Unsure how to migrate my containerized torch.distributed.launch script to torchrun

I run Pytorch from a container on an HPC system. A simplified version of my usual launch script looks something like this:

RANK=1
for i in ${HOSTS// /}
do
        if [[ "$i" != "$HOST0" ]] ; then
                ssh  $i $CONATINER_EXEC $CONTAINER_EXEC_ARGS python -m torch.distributed.launch --nproc_per_node=$NGPU --nnodes=$NHOST --node_rank=$RANK --master_addr="$HOST0" --master_port=12581 train.py $CONFIG &
                RANK=$((RANK+1))
        fi
done

$CONTAINER_EXEC $CONTAINER_EXEC_ARGS python -m torch.distributed.launch --nproc_per_node=$NGPU --nnodes=$NHOST --node_rank=0 --master_addr="$HOST0" --master_port=12581 train.py $CONFIG

This works great for me, because it means I don’t have to play games trying to keep a version of mpirun or gloo or whatever on the host system synchronized with those same tools in the container.

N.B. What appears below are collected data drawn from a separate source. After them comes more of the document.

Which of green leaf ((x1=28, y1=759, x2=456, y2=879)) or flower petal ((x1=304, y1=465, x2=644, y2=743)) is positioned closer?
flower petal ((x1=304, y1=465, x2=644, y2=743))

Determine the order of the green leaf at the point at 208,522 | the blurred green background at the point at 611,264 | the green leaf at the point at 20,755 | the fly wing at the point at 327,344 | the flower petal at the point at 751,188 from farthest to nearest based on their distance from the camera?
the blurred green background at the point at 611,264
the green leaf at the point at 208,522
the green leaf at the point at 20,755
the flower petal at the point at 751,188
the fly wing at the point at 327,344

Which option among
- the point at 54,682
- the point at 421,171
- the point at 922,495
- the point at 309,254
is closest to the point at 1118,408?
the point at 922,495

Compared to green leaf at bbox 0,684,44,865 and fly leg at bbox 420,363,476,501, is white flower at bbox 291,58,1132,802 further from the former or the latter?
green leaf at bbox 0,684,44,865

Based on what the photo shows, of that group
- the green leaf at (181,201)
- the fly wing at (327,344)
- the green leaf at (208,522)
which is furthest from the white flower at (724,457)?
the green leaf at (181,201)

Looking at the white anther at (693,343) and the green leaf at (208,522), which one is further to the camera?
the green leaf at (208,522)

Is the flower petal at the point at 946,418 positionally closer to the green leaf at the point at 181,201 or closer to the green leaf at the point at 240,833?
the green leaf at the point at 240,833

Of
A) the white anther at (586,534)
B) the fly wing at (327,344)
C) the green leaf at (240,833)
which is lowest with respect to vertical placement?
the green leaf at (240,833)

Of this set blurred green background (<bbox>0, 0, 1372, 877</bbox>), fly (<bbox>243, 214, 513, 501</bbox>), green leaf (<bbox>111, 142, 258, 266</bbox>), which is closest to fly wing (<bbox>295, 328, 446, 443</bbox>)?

According to the distributed docs, torch.distributed.launch is about to be deprecated, in favor of torchrun which uses Elastic Launch instead of the old way of launching distributed torch. This is not really compatible with my workflow, but there doesn’t seem to be a non-deprecated way to replicate my manner of launching with torch.distributed.launch? Is my old workflow about to be deprecated?

Maybe Tristan can help here? @d4l3k